Skip to content

Hunting crashes: The ultimate guide

Andreas Rumpf edited this page Feb 1, 2017 · 3 revisions

Ok, so your nice Nim program crashes under various hard-to-reproduce conditions. What can you do about that?

Generally speaking the most important question when you have a corruption is what piece of code wrote to this memory location. This question is answered by watchpoints, breakpoints are mostly useless for this. In general I found breakpoints only useful to set watchpoints in them.

Classical debugging

Use --debugger:native and use GDB or LLDB or Visual Studio for debugging. Note that currently local variables are mangled and a 0 is attached to the name.

Test with different GCs

  • --gc:boehm
  • --gc:refc
  • --gc:markAndSweep

Note that if your program does not crash with a different GC, it doesn't imply you found a GC bug!
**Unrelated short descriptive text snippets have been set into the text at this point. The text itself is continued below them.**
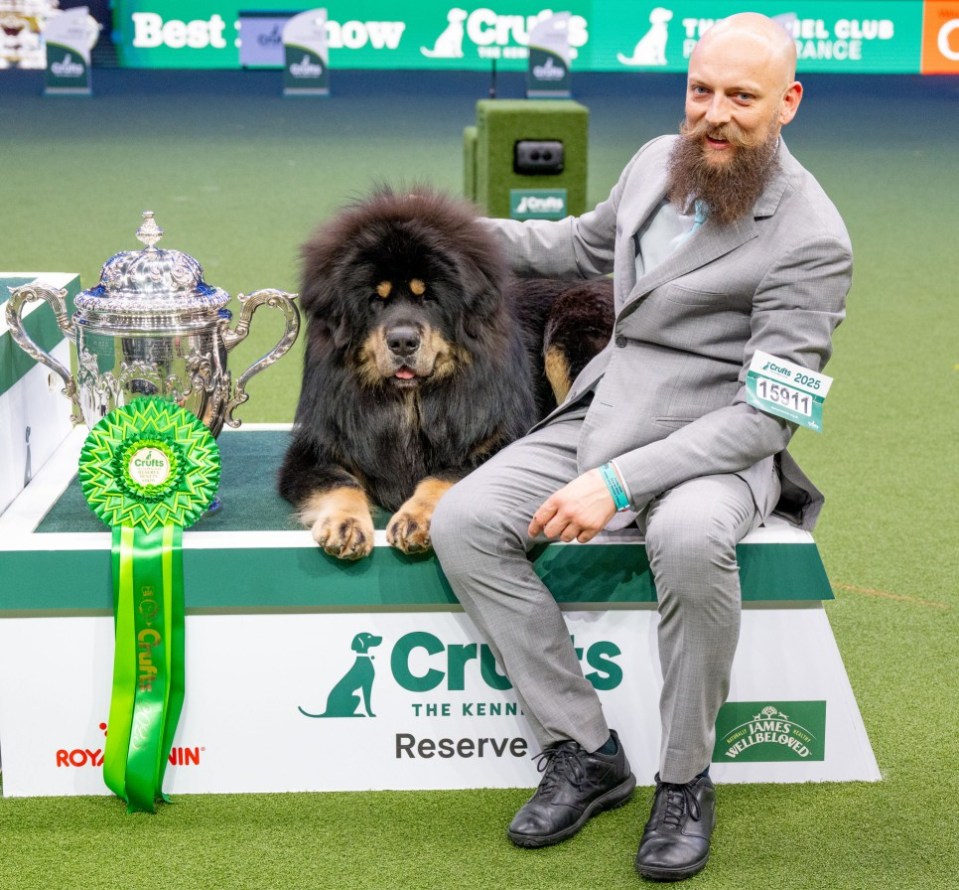 BIRMINGHAM, ENGLAND - MARCH 09: Viking the Tibetan Mastiff wins Reserve at the Crufts final at NEC Arena on March 09, 2025 in Birmingham, England. (Photo by Shirlaine Forrest/Getty Images)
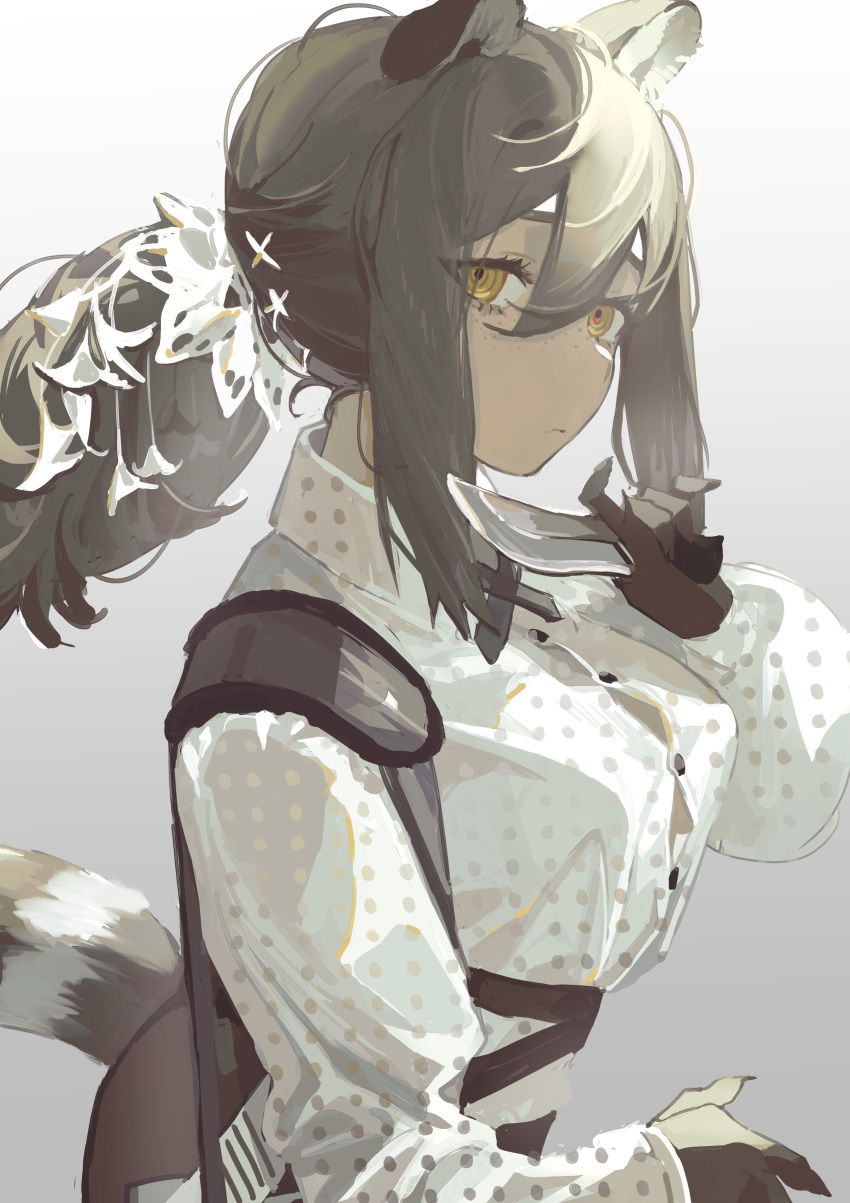 1girl absurdres animal_ears animal_hands arknights bag brown_hair buttons collared_shirt commentary_request cross_tie expressionless freckles grey_background hair_between_eyes highres holding holding_knife knife long_hair long_sleeves looking_at_viewer polka_dot polka_dot_shirt ponytail raccoon_ears raccoon_girl raccoon_tail ringed_eyes robin_(arknights) shirt shoulder_bag sidelocks sideways_glance solo tail tanuka_(tnk0150) upper_body white_shirt yellow_eyes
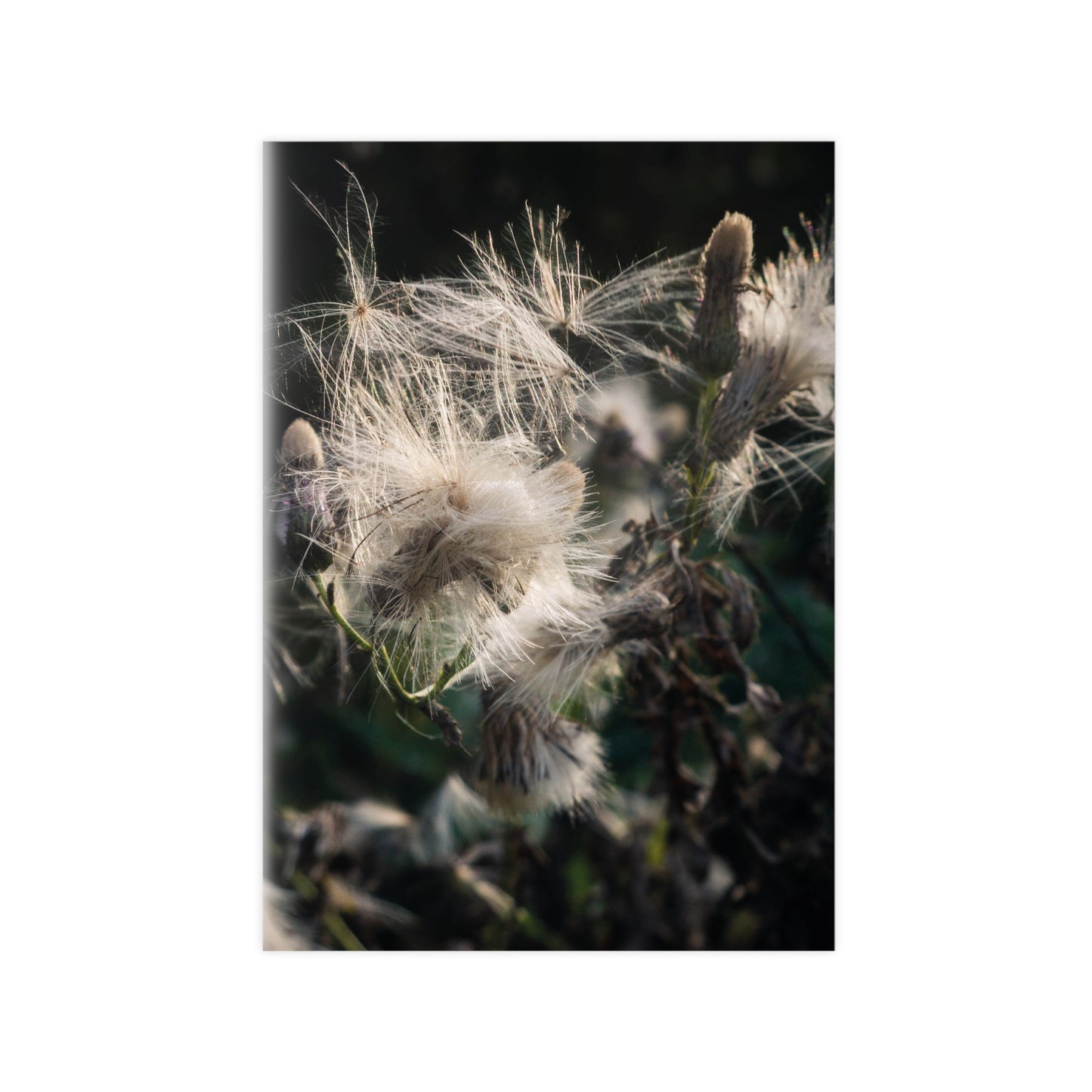 Zarte Wildnis – Fine Art Naturfotografie | Print on Demand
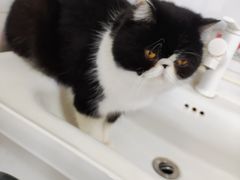 -猫小院猫主题餐厅(南锣旗舰店)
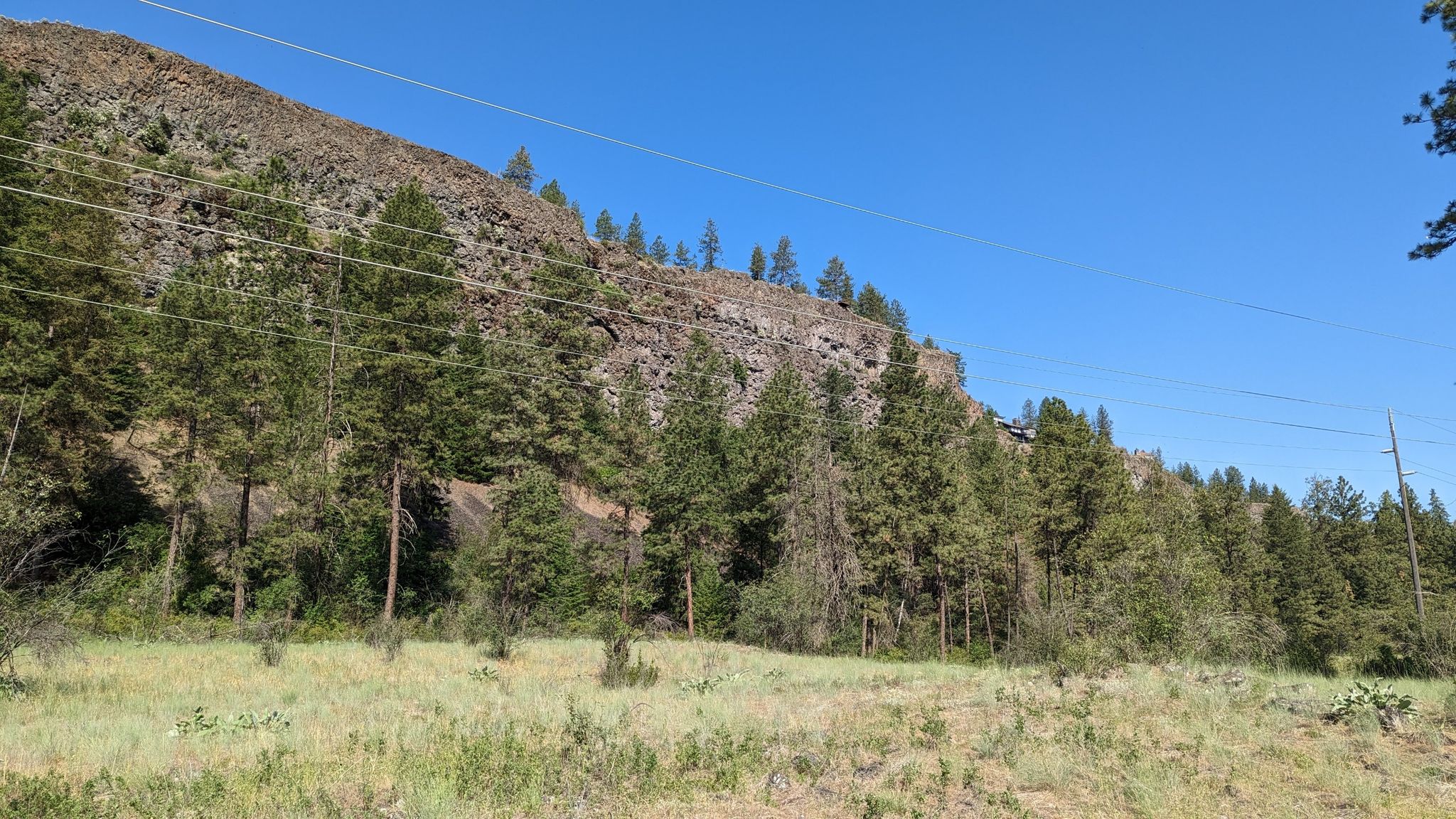 Sunny hillside with pine trees and a rocky cliff face. - Bowl and Pitcher Overlook – Riverfront Park loop from Spokane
It's just a weak indicator.

Test under different OSes

  • Linux
  • MacOS X
  • Windows

Test under different CPUs

  • i386 (32bit)
  • amd64 (64bit)
  • arm

Test different compiler options

-d:release vs debug mode is the obvious choice, but the Nim GC, allocator and standard library have many more checks you can should enable:

-d:useSysAssert
enables assertions in the system.nim, especially in Nim's allocator.
-d:useGcAssert
enables assertions in Nim's GC.
-d:nimBurnFree
overwrite deallocated memory with 0xff bytes so that "access after free" triggers a segfault.
--tlsEmulation:on|off`
turn "thread local storage emulation on/off". This is helpful when you do have an issue in a threaded program. As I recently learned, the fact that TLS is cleaned at thread exit is often an overlooked cause for crashes. TLS is unsafer than global storage in this respect.

Edit lib/system/mmdisp.nim and gc.nim

Even more debugging options can be enabled by editing lib/system/mmdisp.nim. Most of these have no --define equivalent, unfortunately.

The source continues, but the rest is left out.